Mit 60 in die Schreinerlehre

Walter Wüthrich freut sich, als Schreiner etwas Greifbares zu erschaffen. Bild: Justus Ammann

Ausbildung.  Walter Wüthrich hat ein Berufsleben als IT-Ingenieur hinter sich. Anstatt in Pension zu gehen, hat er sich einen lange gehegten Wunsch erfüllt und als Lernender im Schreinerhandwerk eine neue Herausforderung gefunden.

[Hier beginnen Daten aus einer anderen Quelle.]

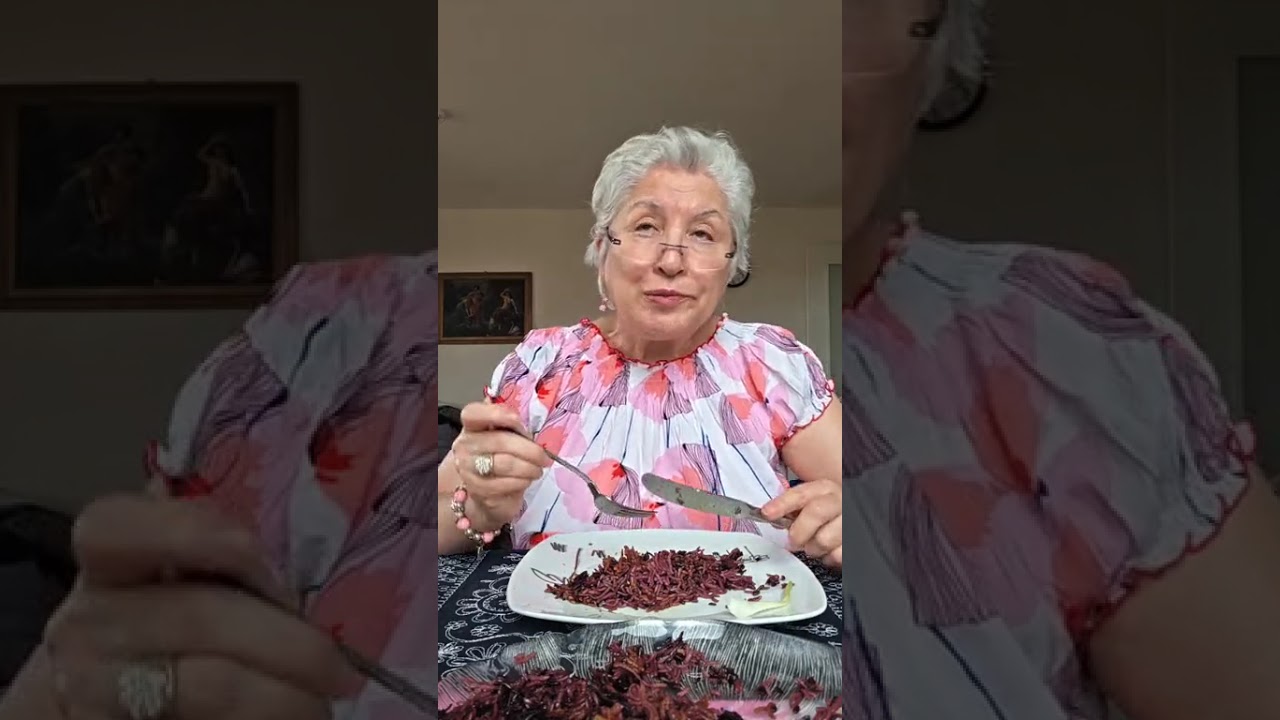 صبحانه ناهار شام امروز با شما 💕 کته با برنج سیاه و نیمرو و ماست و پیاز شیرین با چای لیمویی 🧄☕️🍳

Walter Wüthrich steht im Bankraum der Schreinerei Peterhans, Schibli & Co. im aargauischen Fislisbach und versieht das vor ihm liegende Werkstück mit dem nötigen Feinschliff. Seit einem halben Jahr erlernt der 60-Jährige mit sechs anderen, deutlich jüngeren Kolleginnen und Kollegen das Schreinerhandwerk.

Vom PC an die Säge

Während sein bisheriges Leben von Prozessoren und Algorithmen geprägt war, geben jetzt Hobel und Stemmeisen den Takt vor. Walter Wüthrich studierte an der ETH Elektrotechnik, war viele Jahre als Systemingenieur bei HP tätig und zuletzt als Projektleiter für den Aufbau der IT-Infrastruktur in Grossunternehmen verantwortlich. Es sei nicht so, dass er in seinem vergangenen Berufsleben unglücklich gewesen sei, im Gegenteil, er habe seine Arbeit gemocht, sagt er. Aber trotzdem fehlte etwas. Nämlich das Erschaffen von etwas Greifbarem.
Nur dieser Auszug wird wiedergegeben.